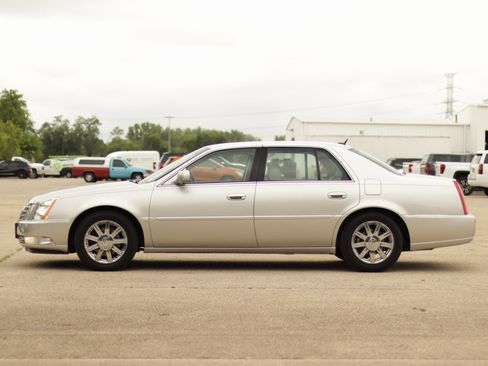 Used 2007 Cadillac DTS Luxury II image 4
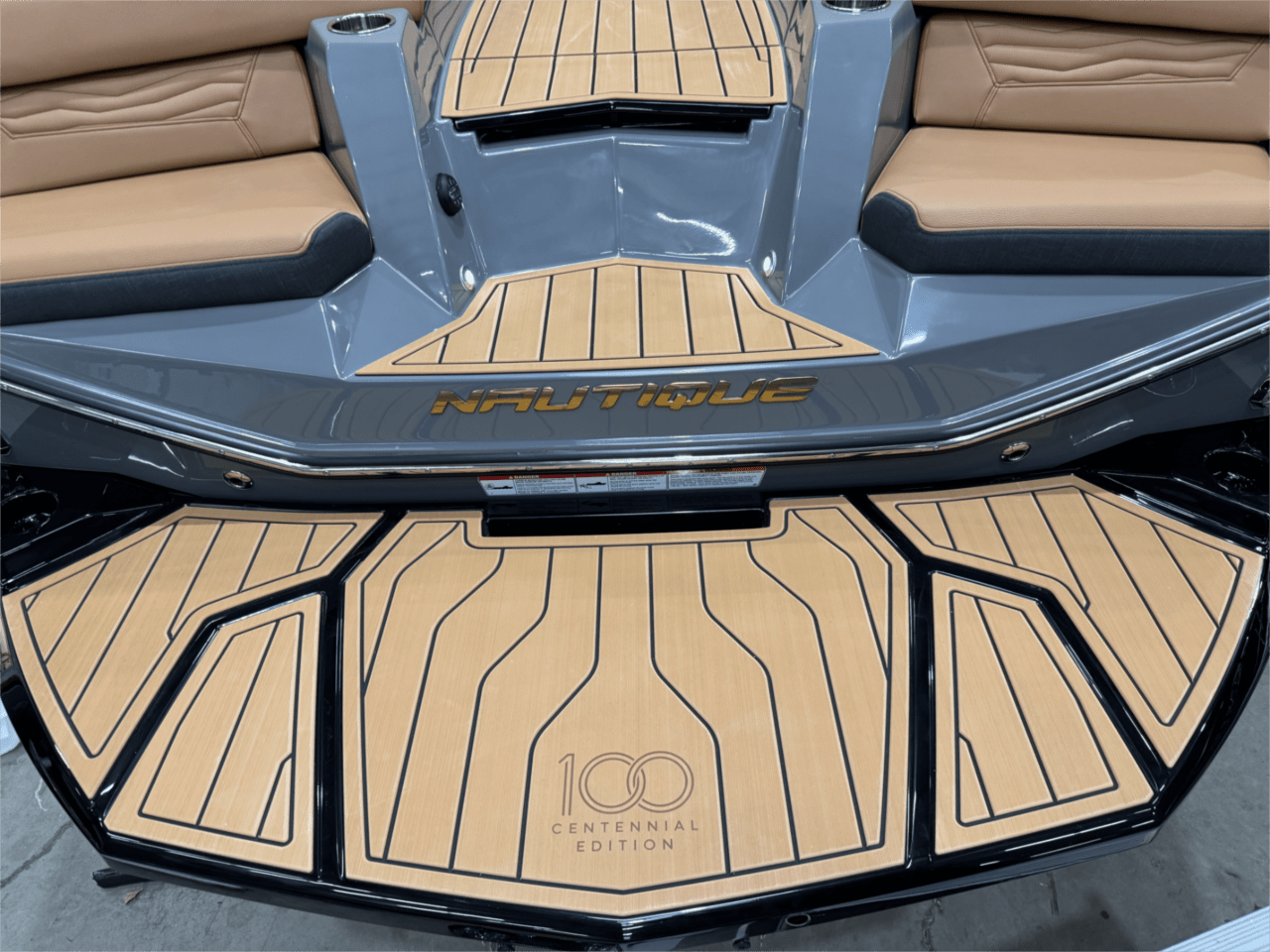 2025 Nautique G23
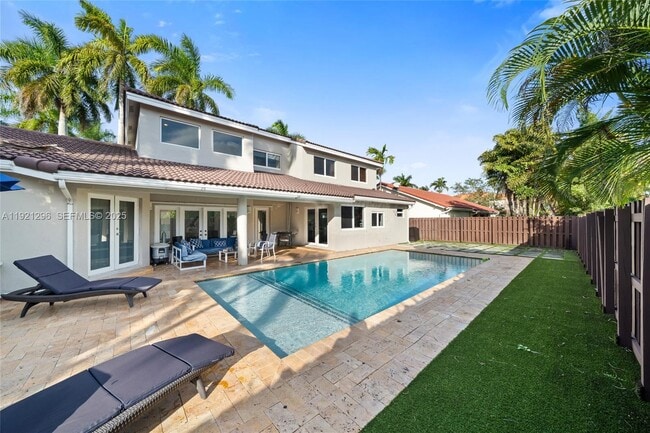 Building Photo - 15484 SW 42nd Terrace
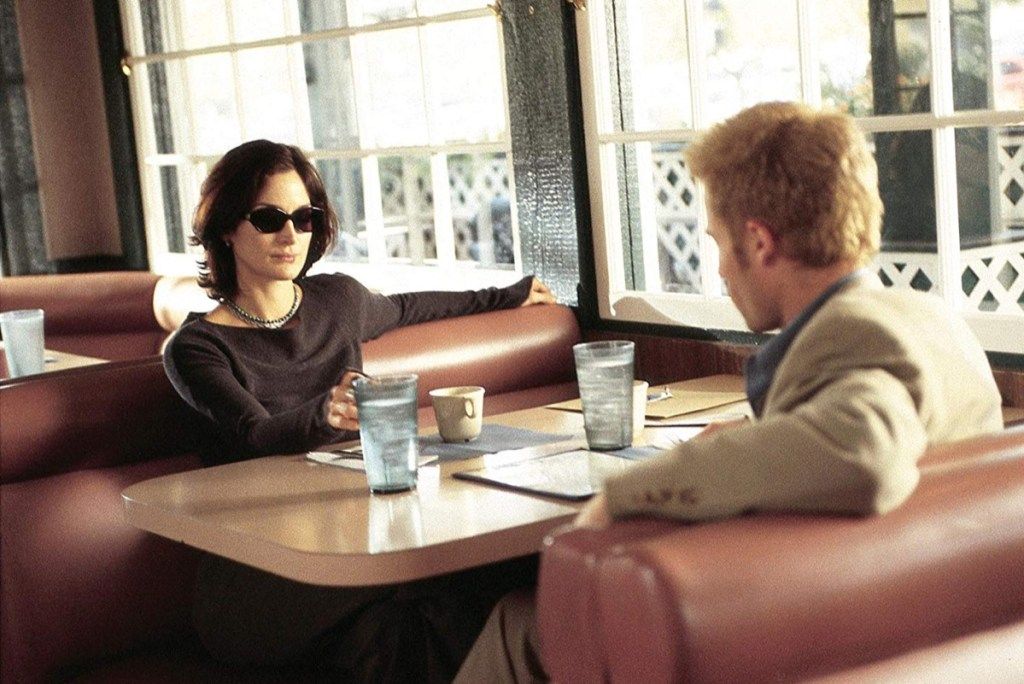 Guy Pearce ir Carrie-Anne Moss „Prisiminimuose“ (2000)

# Task requirements
Write the listing out again in full and unchanged, minus any pictures.

# Solution for this problem
 Used 2007 Cadillac DTS Luxury II image 4
 2025 Nautique G23
 Building Photo - 15484 SW 42nd Terrace
 Guy Pearce ir Carrie-Anne Moss „Prisiminimuose“ (2000)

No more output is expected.